== Segment start ==
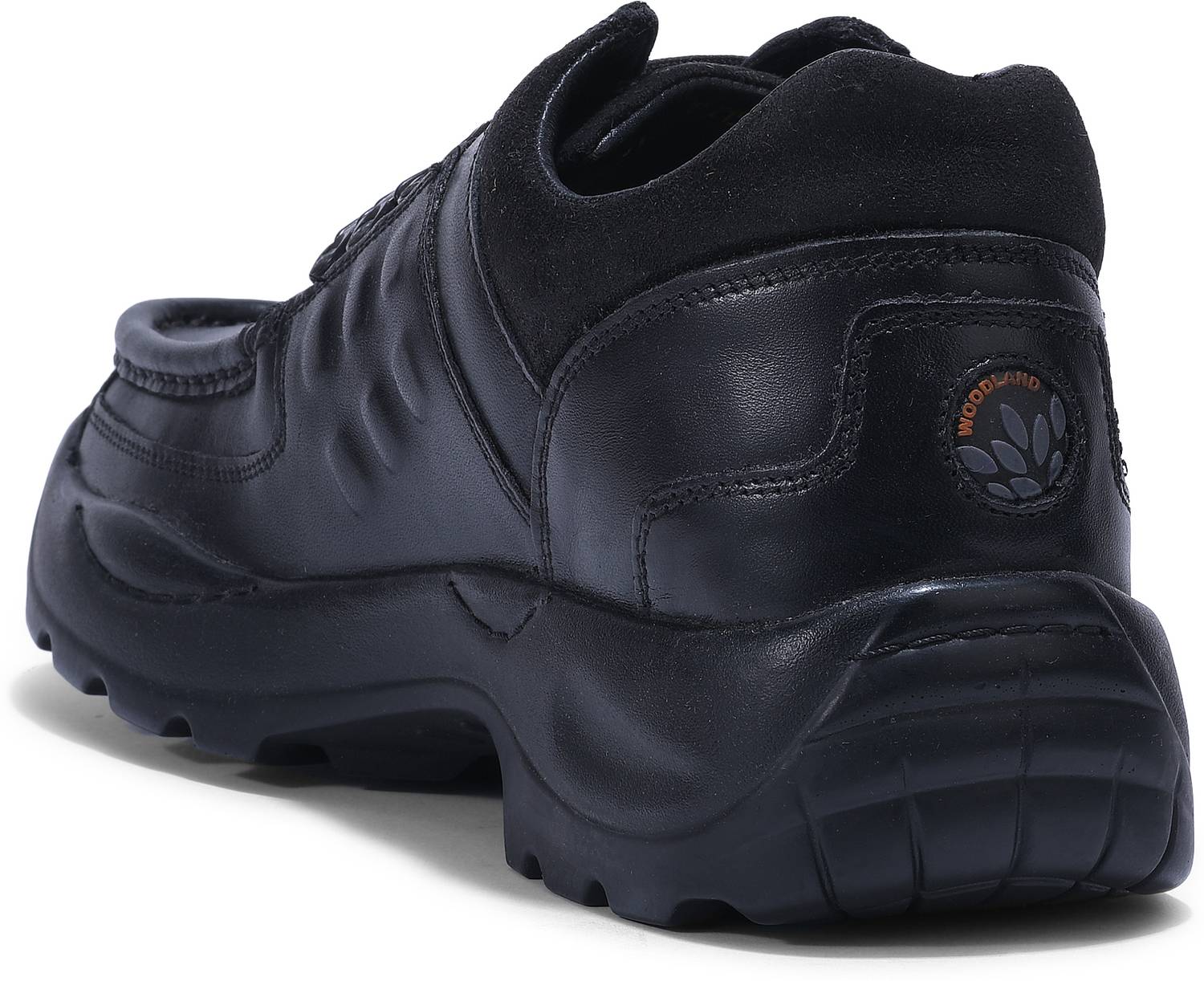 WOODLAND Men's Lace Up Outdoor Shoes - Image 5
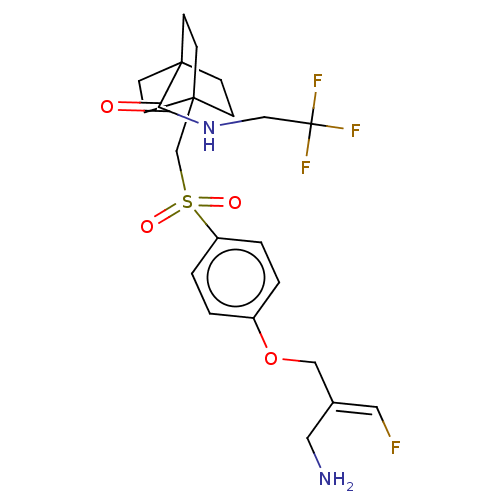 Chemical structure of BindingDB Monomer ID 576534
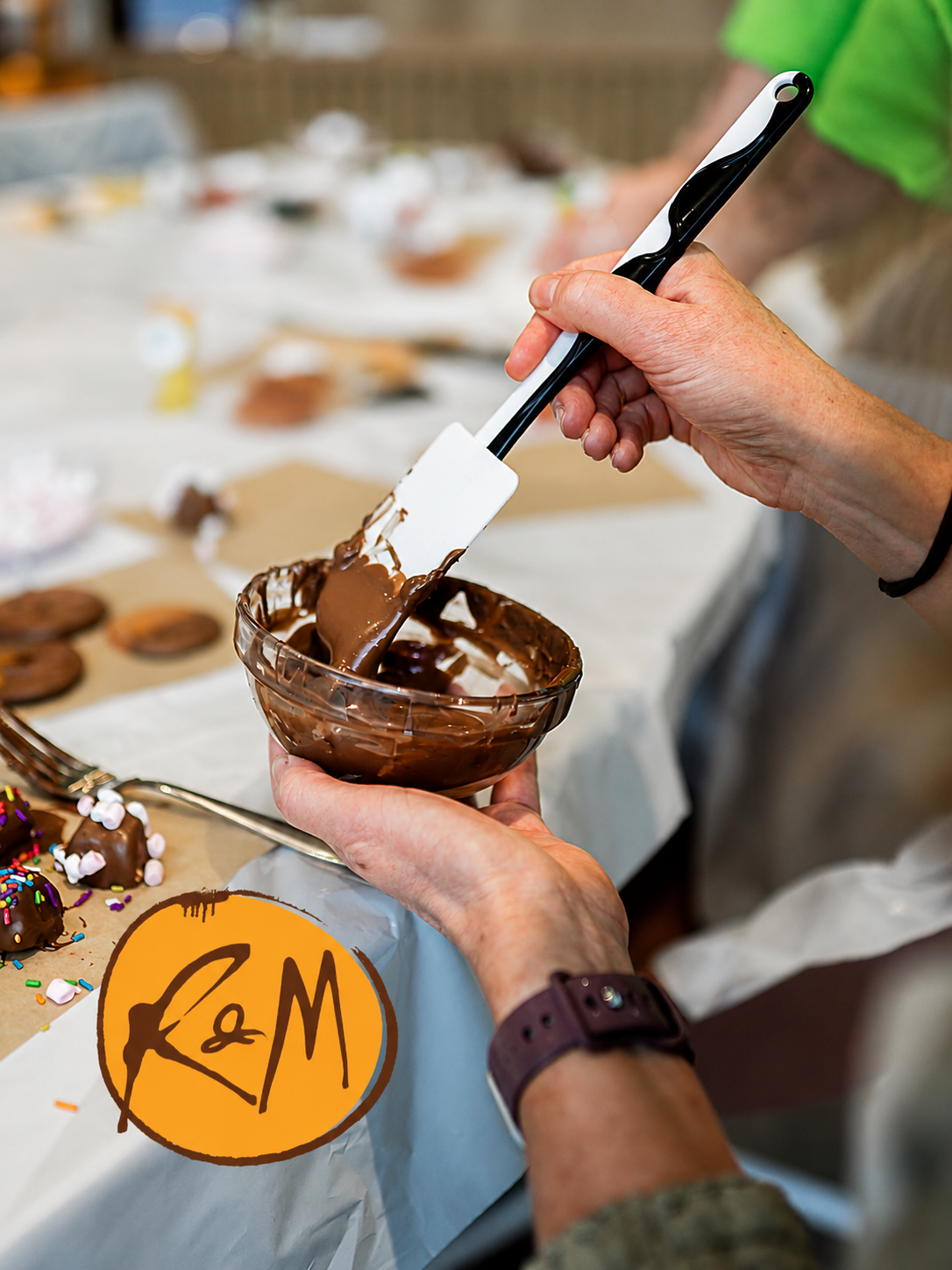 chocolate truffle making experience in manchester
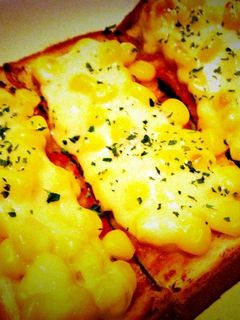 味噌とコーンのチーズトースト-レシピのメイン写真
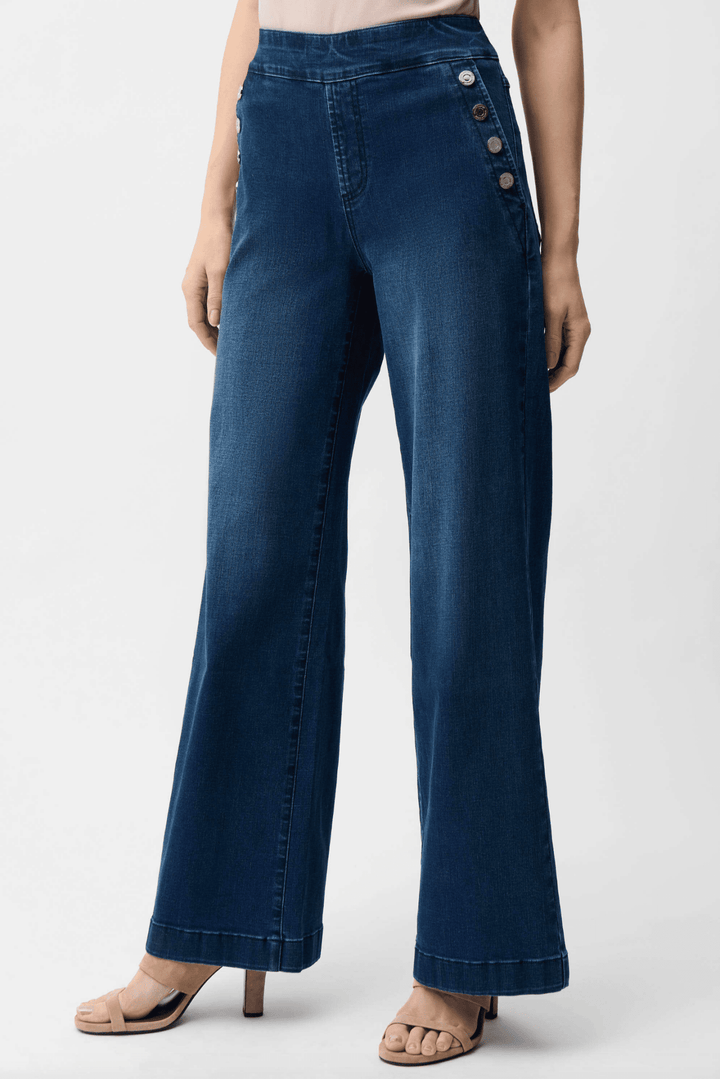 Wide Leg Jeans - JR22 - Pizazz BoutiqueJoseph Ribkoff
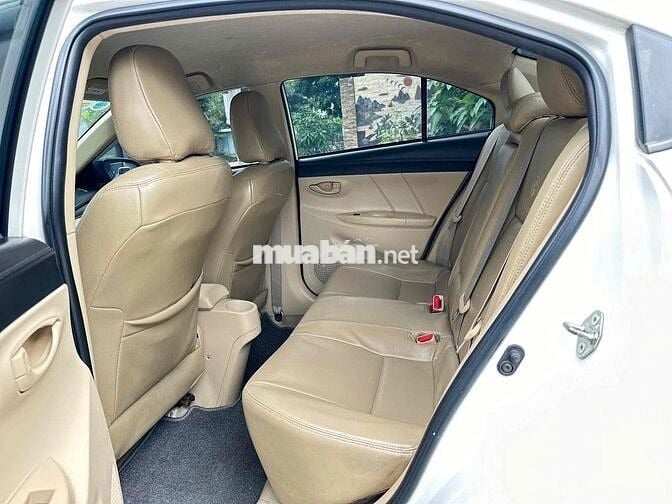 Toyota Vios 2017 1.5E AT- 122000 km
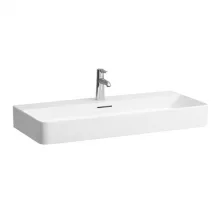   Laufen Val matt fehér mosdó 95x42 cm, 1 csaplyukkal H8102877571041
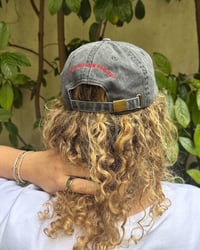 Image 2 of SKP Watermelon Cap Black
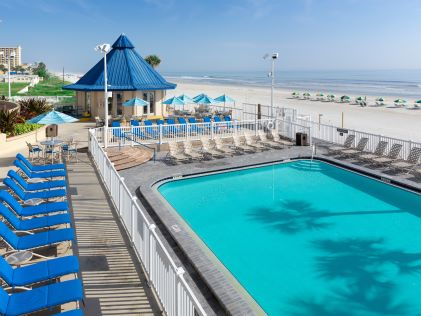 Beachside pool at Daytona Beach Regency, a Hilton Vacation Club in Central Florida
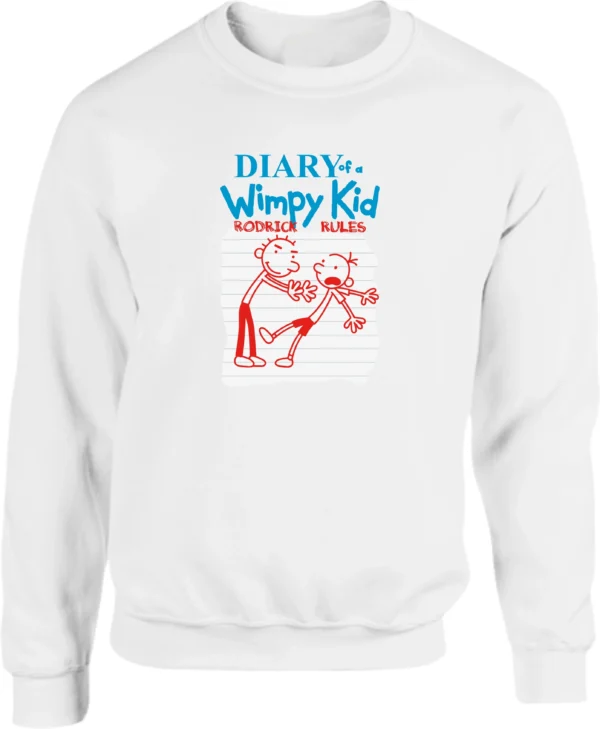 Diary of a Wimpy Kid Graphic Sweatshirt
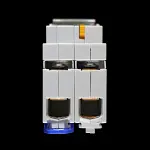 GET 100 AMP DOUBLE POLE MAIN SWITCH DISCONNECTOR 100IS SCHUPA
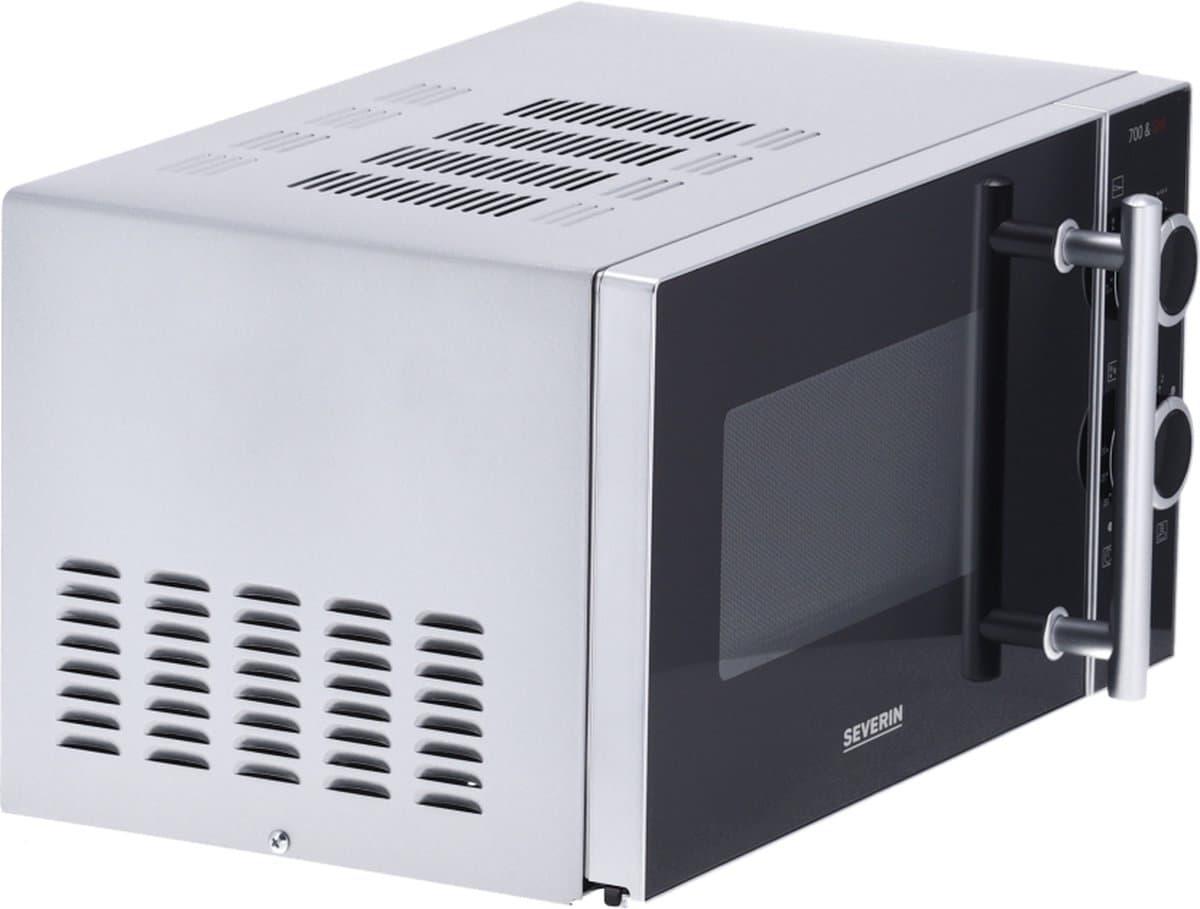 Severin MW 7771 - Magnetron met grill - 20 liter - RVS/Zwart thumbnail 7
== Segment end ==
Going back to the data above, write out everything from the line with "味噌とコーンのチーズトースト-レシピのメイン写真" down to the line with "Beachside pool at", both included, leaving every picture out.

 味噌とコーンのチーズトースト-レシピのメイン写真
 Wide Leg Jeans - JR22 - Pizazz BoutiqueJoseph Ribkoff
 Toyota Vios 2017 1.5E AT- 122000 km
   Laufen Val matt fehér mosdó 95x42 cm, 1 csaplyukkal H8102877571041
 Image 2 of SKP Watermelon Cap Black
 Beachside pool at Daytona Beach Regency, a Hilton Vacation Club in Central Florida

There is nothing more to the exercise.